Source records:
----
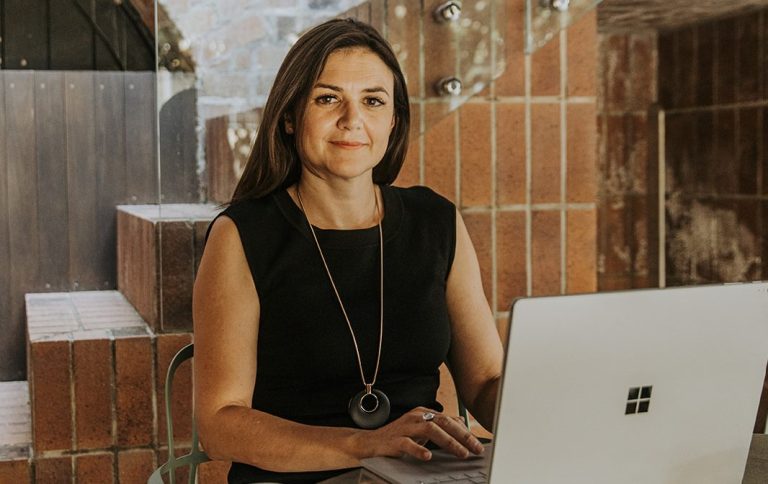 Business woman sitting at computer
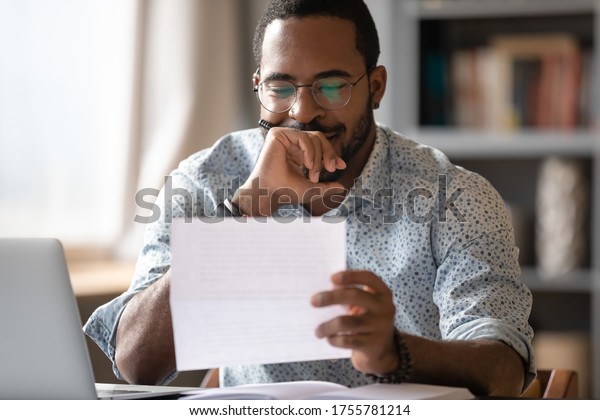 African man sit at desk hold postal\
correspondence letter read good news feel proud by personal\
business achievement, got hired, receive reward, financial success\
statement, approved bank loan\
concept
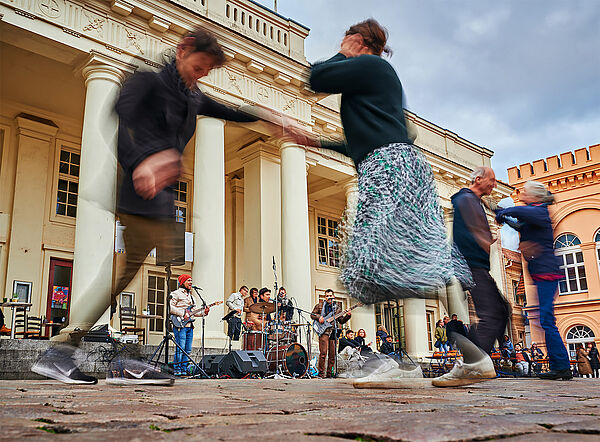 Auf einem Marktplatz spielen Musiker. Zuschauer tanzen.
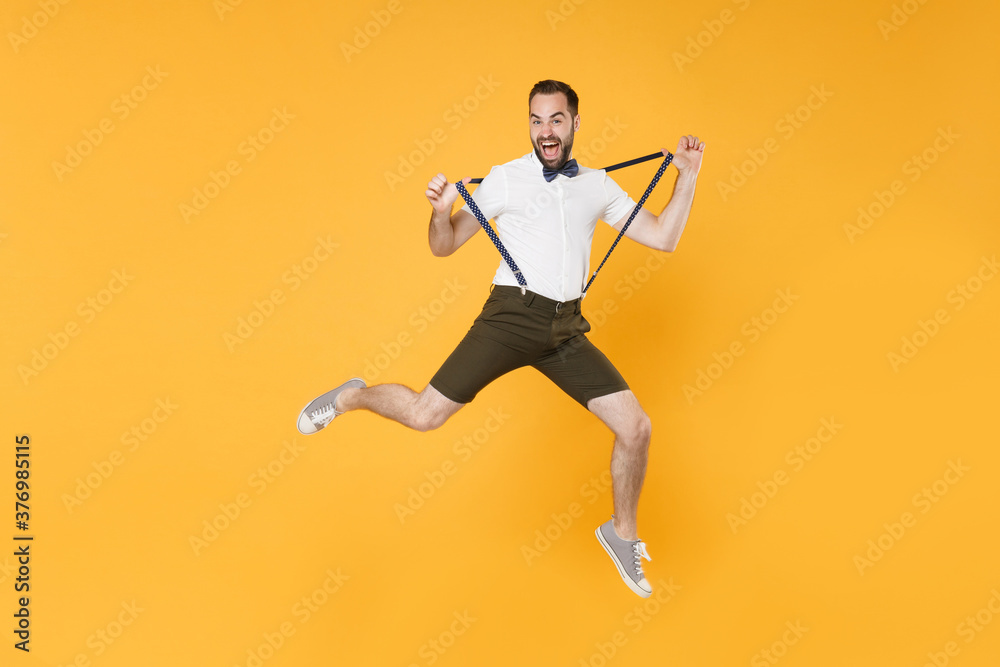 Full length portrait of crazy screaming young bearded man 20s wearing white shirt shorts posing jumping stretching suspender looking camera isolated on bright yellow color wall background studio.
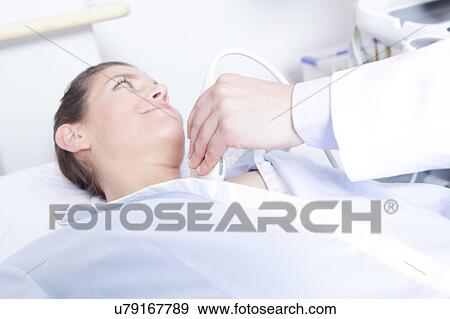 Stock Photo - Doctor doing a doppler sonography. Fotosearch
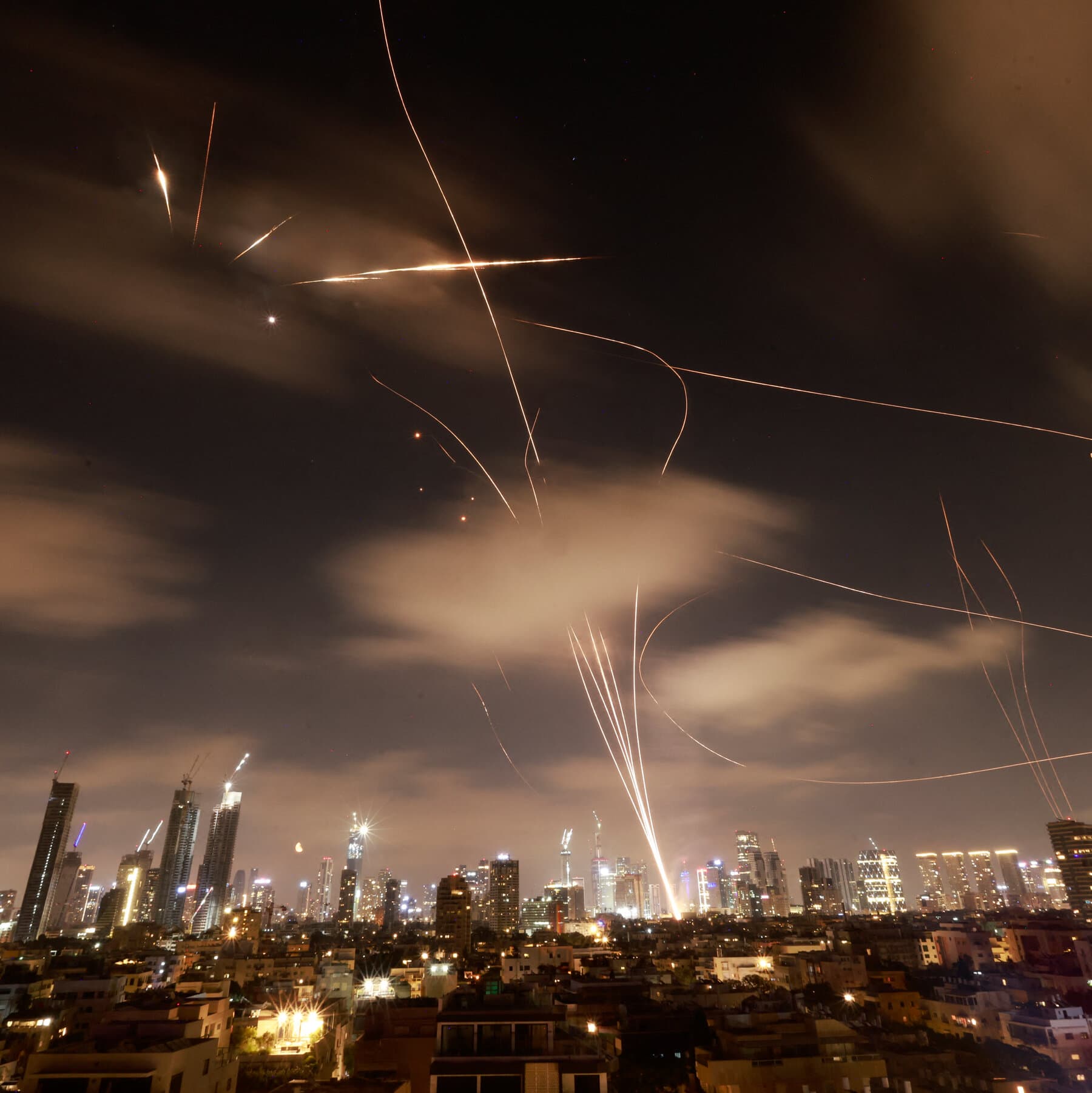 A hyper-realistic, cynical editorial illustration showing a massive, high-tech missile shield generator that is unplugged and covered in cobwebs. Beside it, a politician in a suit is frantically trying to defend himself with a tiny wooden umbrella. The background is a dark, stormy geopolitical map.
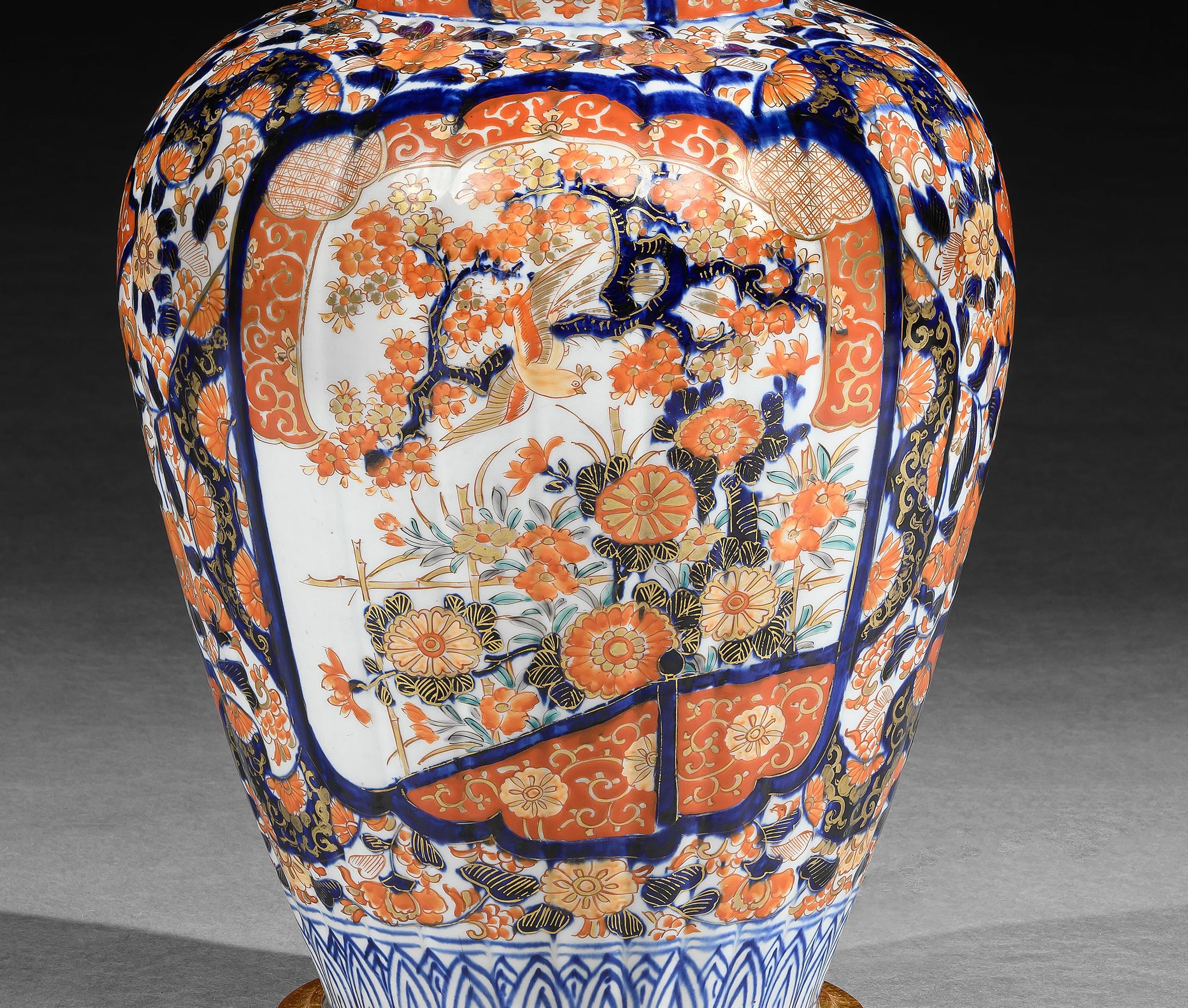 Un superbo vaso Imari giapponese del XIX secolo, con corpo a coste, decorato nella tipica tavolozza Imari di rossi e blu ferrosi con riflessi dorati su sfondo bianco, con due grandi pannelli raffiguranti meravigliose scene di giardino con alberi in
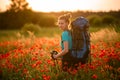 Young smiling woman with backpack and walking sticks stands on field of poppies Royalty Free Stock Photo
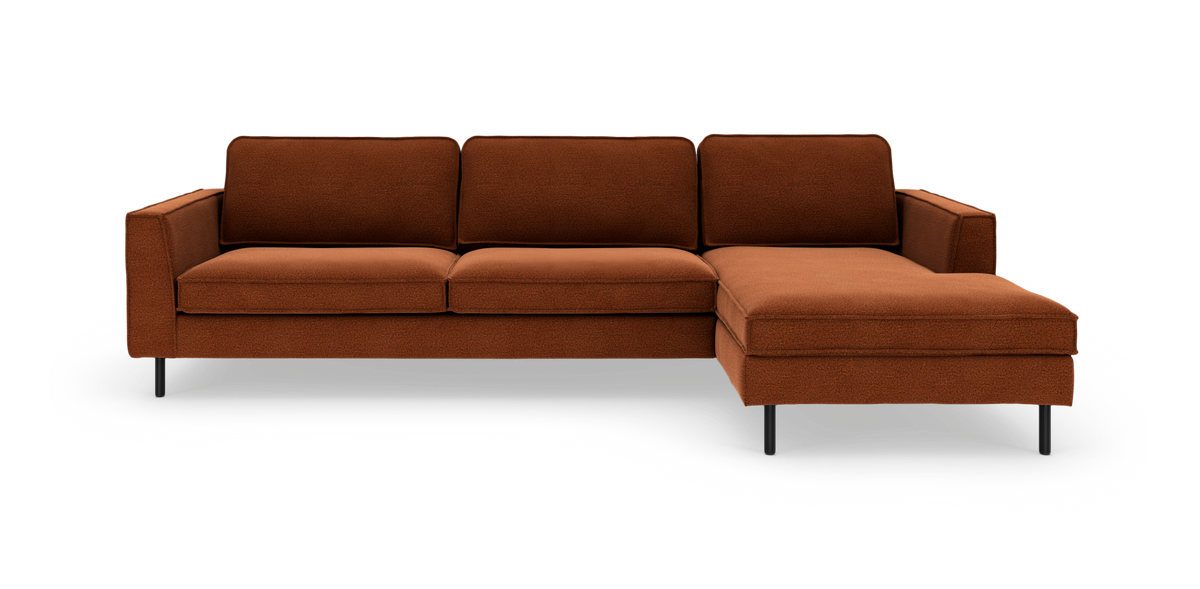 Modulsofa i rustbrunt stof med højrevendt chaiselong og slanke sorte ben, frilagt på hvid baggrund.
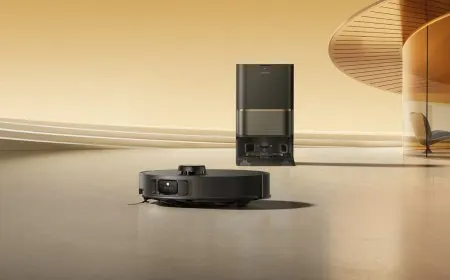 The Dreame L50s Pro Ultra and L50 Ultra AE robot vacuums stand beside their self-cleaning mopping stations.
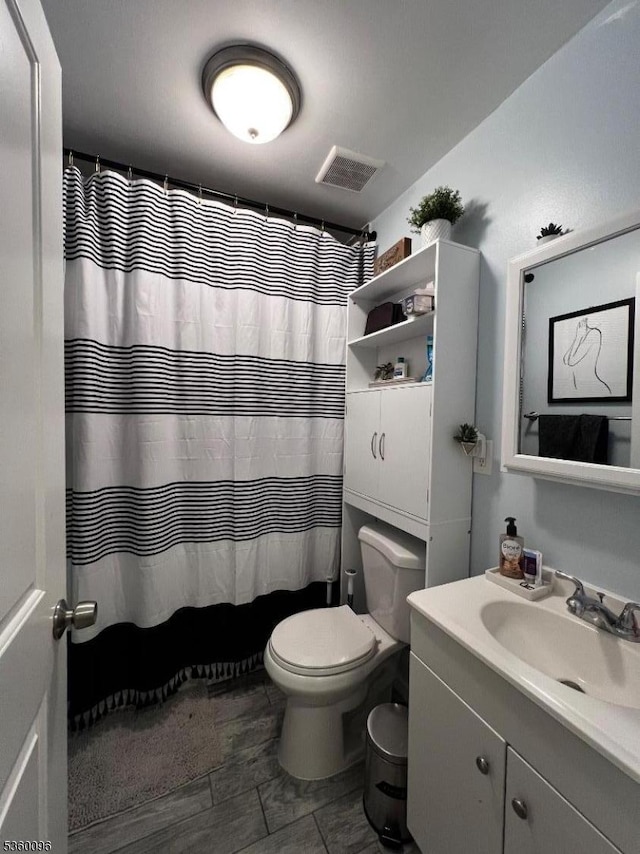 85 Tillinghast St, Newark City, NJ 07108 - bathroom with vanity, toilet, and curtained shower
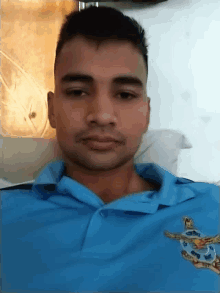 a man wearing a blue polo shirt with a turtle on the front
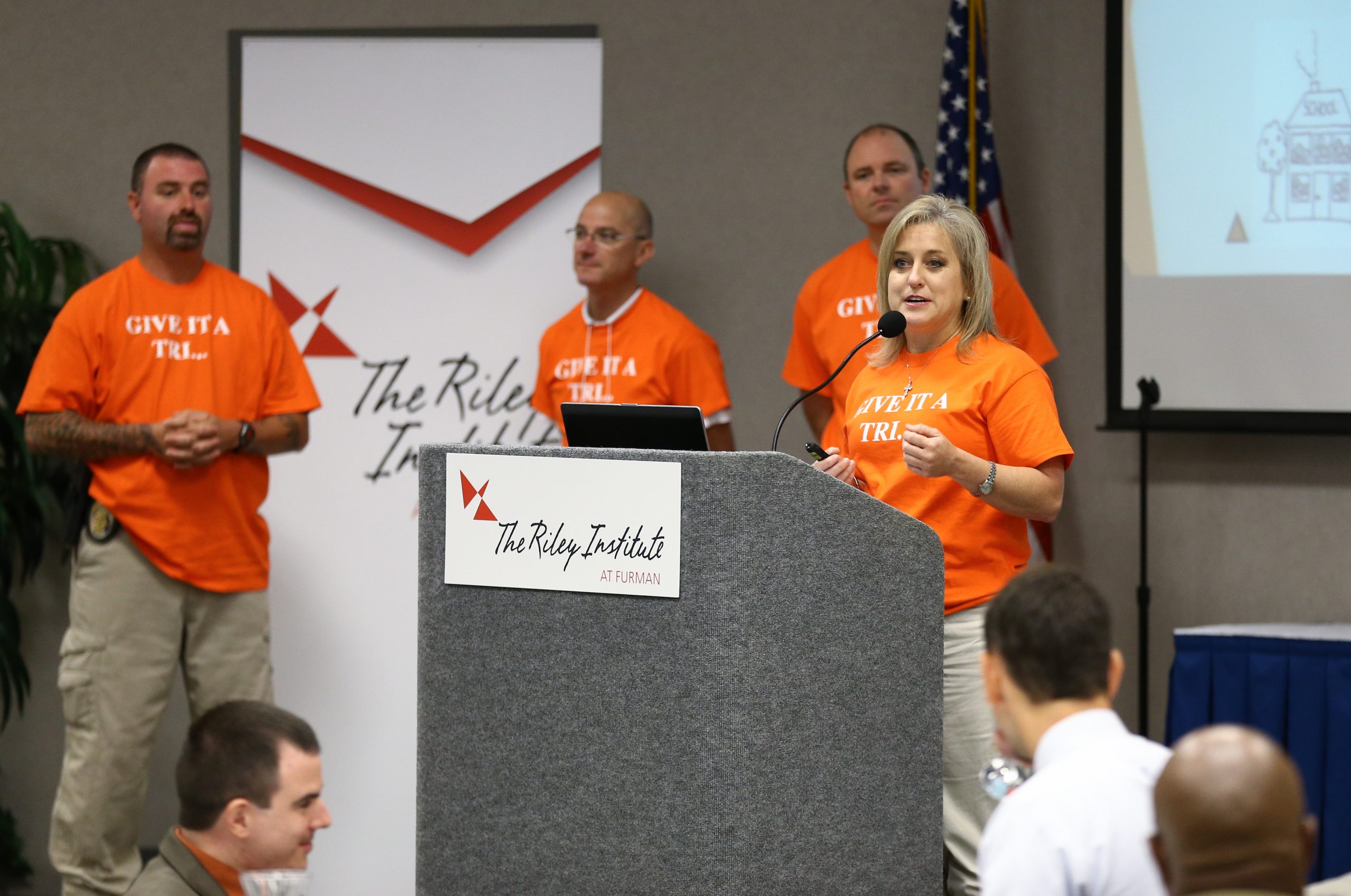 Kelli Farmer speaking, Greenville: Give it a Tri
----
WHAT YOU ARE ASKED TO DO:
Could you transcribe exactly the entries above, but only the lines from the one with "Stock Photo - Doctor" through the one with "A hyper-realistic, cynical", and without pictures?

EXERCISE OUTPUT:
 Stock Photo - Doctor doing a doppler sonography. Fotosearch
 A hyper-realistic, cynical editorial illustration showing a massive, high-tech missile shield generator that is unplugged and covered in cobwebs. Beside it, a politician in a suit is frantically trying to defend himself with a tiny wooden umbrella. The background is a dark, stormy geopolitical map.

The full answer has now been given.